In this work, we propose FAST, an FHE accelerator incorporating recent cryptographic optimizations, including hoisting technology and the gadget decomposition key-switching method (named KLSS method). We analyze ciphertext level consumption throughout application execution and observe that workload requirements vary significantly with different ciphertext levels for both hybrid and KLSS key-switching methods. Additionally, we note the differing computational precision requirements for these key-switching methods. Based on these observations, we designed a versatile framework that supports multiple key-switching methods during a single application execution and integrates hoisting technology. Furthermore, we developed a scalable, precision-tunable multiplier to accommodate the needs of hybrid and KLSS key-switching methods. FAST architecture features a specialized multiplier and novel data organization to exploit cryptographic optimizations effectively. To our knowledge, this is the first accelerator to support hoisting technology and the gadget decomposition key-switching method. Our solution achieves a significant performance improvement, averaging a 1.8 × speedup.
- KKaru Sankaralingam @karu
Review of the paper "FAST: An FHE Accelerator for Scalable-parallelism with Tunable-bit," written from the perspective of "The Guardian."
Review Form
Summary
This paper proposes FAST, a Fully Homomorphic Encryption (FHE) accelerator architecture. The authors' core thesis is that prior accelerators have failed to adequately support modern cryptographic optimizations. To remedy this, FAST is designed to incorporate "hoisting" technology and to support multiple key-switching methods within a single application, including the gadget-decomposition-based KLSS method. The architecture features a "Tunable-bit Multiplier" (TBM) to accommodate the varying precision requirements of these different methods. The authors claim this versatile, optimization-aware approach yields an average performance improvement of 1.8x over prior work.
Strengths
The paper is built on a correct and important observation that is often overlooked in hardware accelerator design.

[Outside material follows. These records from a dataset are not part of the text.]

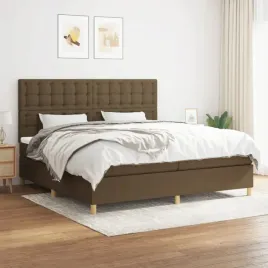vidaxl-lozko-kontynentalne-z-materacem-brazowe-tkanina-200x200-cm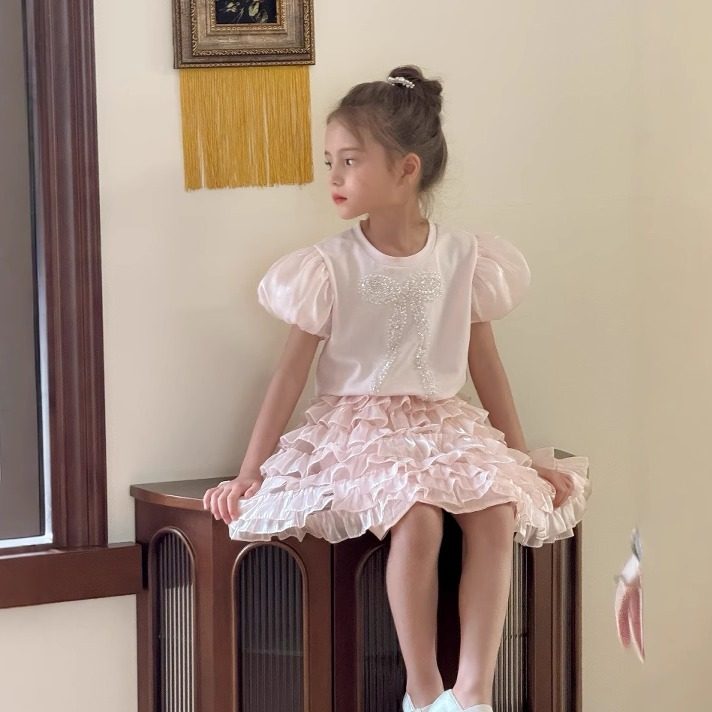 女童套装夏季2025新款儿童洋气蝴蝶结薄款短袖上衣半身裙两件套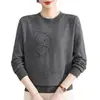 Suéter de punto de cuello redondo estilo perezoso de alta gama para mujer, suelto, estilo casual para mediana edad y ancianos, suéter de punto con estampado de manga larga, madre
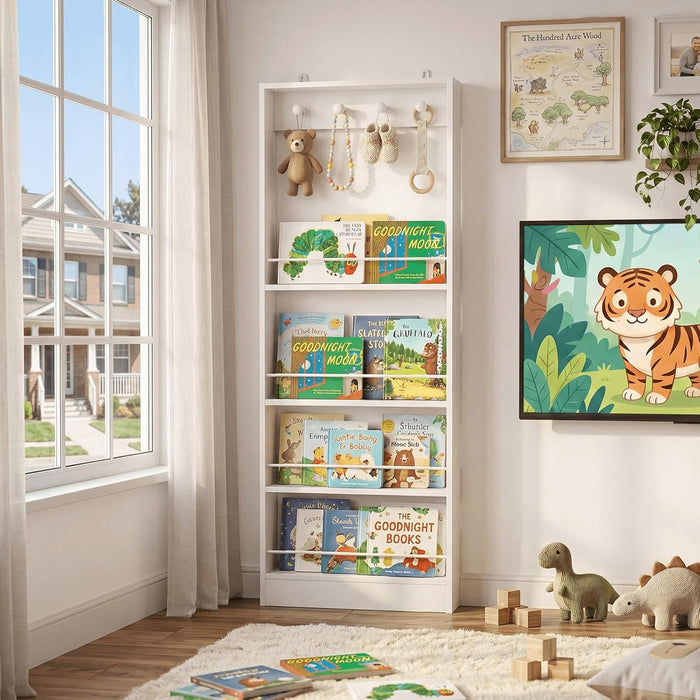 White Wall-Mounted 4-Tier Kids' Bookshelf Organizer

- Correct Problem Identification: The paper correctly identifies that FHE accelerator performance is not just a matter of raw computational throughput, but is deeply tied to the ability to support the latest cryptographic optimizations (Section 1, Page 1). Recognizing that techniques like hoisting and advanced key-switching methods are critical for performance and designing hardware to support them is a valid and necessary direction for research.
- Thorough Workload Analysis: The analysis of ciphertext level consumption and the corresponding computational requirements for different key-switching methods is detailed and provides a solid motivation for the need for architectural versatility (Section 3, Page 3).
Weaknesses
Despite its valid premise, the paper's conclusions are founded on a logically flawed evaluation methodology, questionable design choices, and an insufficient analysis of critical system parameters.
- Fundamentally Unsound Baseline Comparison: The headline 1.8x speedup claim is invalid because the comparison is inequitable. FAST is specifically designed to leverage the KLSS key-switching method and hoisting technology. The baseline accelerator, however, is not. The paper claims to be the "first accelerator to support" these techniques (Abstract, Page 1). Therefore, the performance improvement is not a demonstration of FAST's architectural superiority, but is merely the predictable result of comparing a system running an advanced, more efficient cryptographic algorithm against a baseline running an older, less efficient one. The speedup comes from the cryptographic method, not the hardware architecture.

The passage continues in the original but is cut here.